Feminists loiter in Mexico City’s Zócalo nearly six hours after the first contingents started to arrive on March 8, 2025. Photo © Dawn Marie Paley.
Women in power and Mexico’s death machine
This year’s International Women’s Day march in Mexico was the first under President Claudia Sheinbaum of the Morena Party. Mexico City is governed by Morena’s Clara Brugada, and 12 other states have women governors, most of them part of Morena. The President’s slogan “llegamos todas” or “we [women] made it” was directly confronted by activists, who pointed out that 11 women are killed every day in Mexico.
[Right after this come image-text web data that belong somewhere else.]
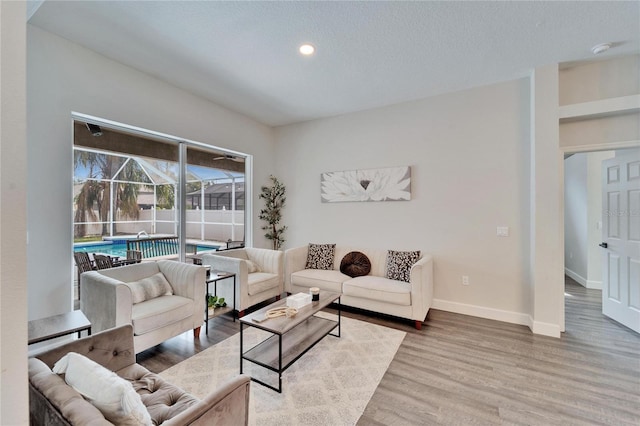 living room featuring hardwood / wood-style flooring and a textured ceiling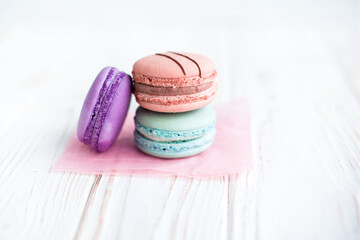 Close up view of three French macaroons on a white background. Sweet and colorful French macaroons. Dessert. Homemade sweets. Café dessert. Selective focus
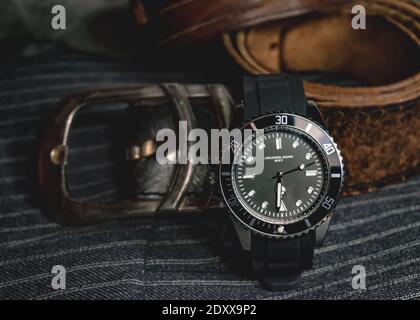 Primo piano di un orologio cromato nero, una fibbia per cintura di una cintura in pelle e parte di un bracciale in pelle sopra il tessuto grigio Foto Stock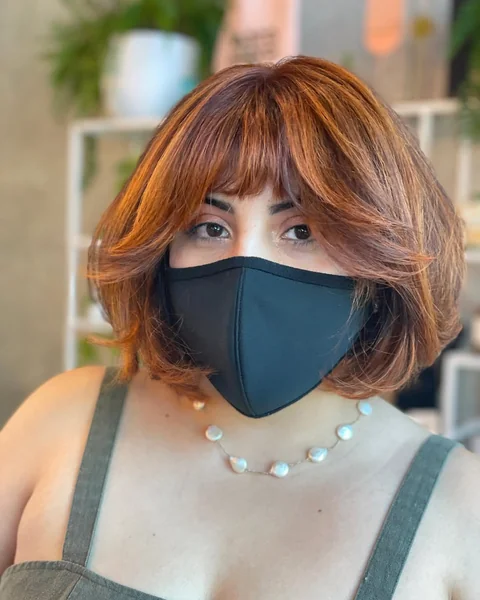 Voluminous Copper Messy Bob with Wispy Bangs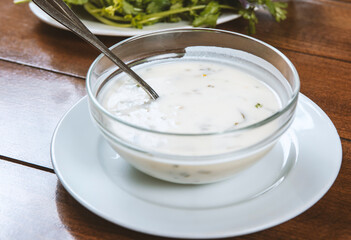yogurt soup with herbs in a plate on a wooden table.spas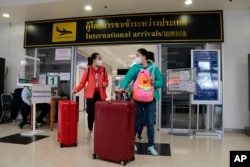 FILE - Chinese tourists arrive at Chiang Mai international airport in Chiang Mai province, northern Thailand, Jan. 23, 2023.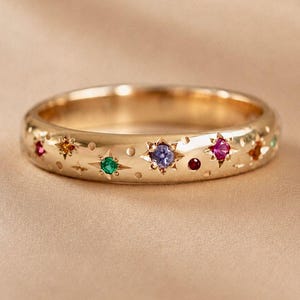 May include: A gold band ring featuring a series of flush-set multicolored gemstones, including green, purple, red, and orange stones. The metal surface is engraved with starburst patterns surrounding each stone, creating a celestial design.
That very morning, Gilda Guadalupe Pérez Rivera’s body was found in a park in Tlatelolco, less than 5km from the city’s Zócalo.
Though more diplomatic about protests than her predecessor and political mentor Andrés Manuel López Obrador, as president Sheinbaum has minimized the scale of violence in Mexico, deepened militarization, and formally presided over a more aggressive army. When Trump applied 25 percent tariffs on Mexican goods entering the US in early March, Sheinbaum called on her supporters to gather for a public, political gathering on Sunday, March 9 where she said she would announce countermeasures. But the tariffs were lifted on March 6 and the Sunday event was turned into a festival of nationalism and free trade.
By the time Sheinbaum’s supporters filed into the Zócalo on March 9, the black metal barriers around government buildings had been removed, and feminist graffiti from the day before was already painted over.
While some of those present were true blue supporters of Shienbaum, who continues to enjoy high approval ratings, others were bussed into the city center from as far away as Ciudad Júarez (a 30-hour ride) to attend. Tragically, 18 people who had attended the event were killed when their bus flipped as they returned to Oaxaca. Some attendees were paid up to 45 dollars to participate or did so out of fear of losing government jobs. Unlike the disruptive, self-organized demonstrations around the country the day before, Sheinbaum’s show of force was stage-managed and centrally organized in a single location.
Sheinbaum addressed the crowd flanked by her cabinet. Mexico’s first woman president failed to mention the historic mobilization the day before, recurring instead to nationalist and pro-free trade sloganeering. In fact, the only holdover from the day before was a banner hung by the Women’s Secretariat that read “The judiciary owes a historic debt to women. They must pay with justice, no more impunity!” The suggestion is that a controversial judicial reform —shaped during López Obrador’s term and passed by both chambers of Congress during Sheinbaum’s first month in office— will remedy rampant impunity and corruption in the justice system.
Shoes representing some of the over 200 pairs found at an extermination camp in Teuchitlán, Jalisco in early March are laid in Mexico City’s Zócalo on March 15, 2025. Photo © Erika Lozano / @erika.kuru.
Days later, the discovery of human remains and hundreds of pairs of used shoes indicating mass exterminations took place at a ranch in Teuchitlán, outside of Guadalajara in Jalisco State, began to circulate in the media. Sheinbaum’s response to growing outrage was hardened and austere, suggesting an investigation needed to take place before jumping to conclusions. It soon emerged the National Guard and state authorities had previously searched the same area, showing state complicity and inaction in the context of crimes against humanity.
Outrage grew, and dozens of vigils were convened around the country for March 15. “Madame President, do you see us now? 124,000+” read a message painted onto Mexico City’s Zócalo during the protest that evening.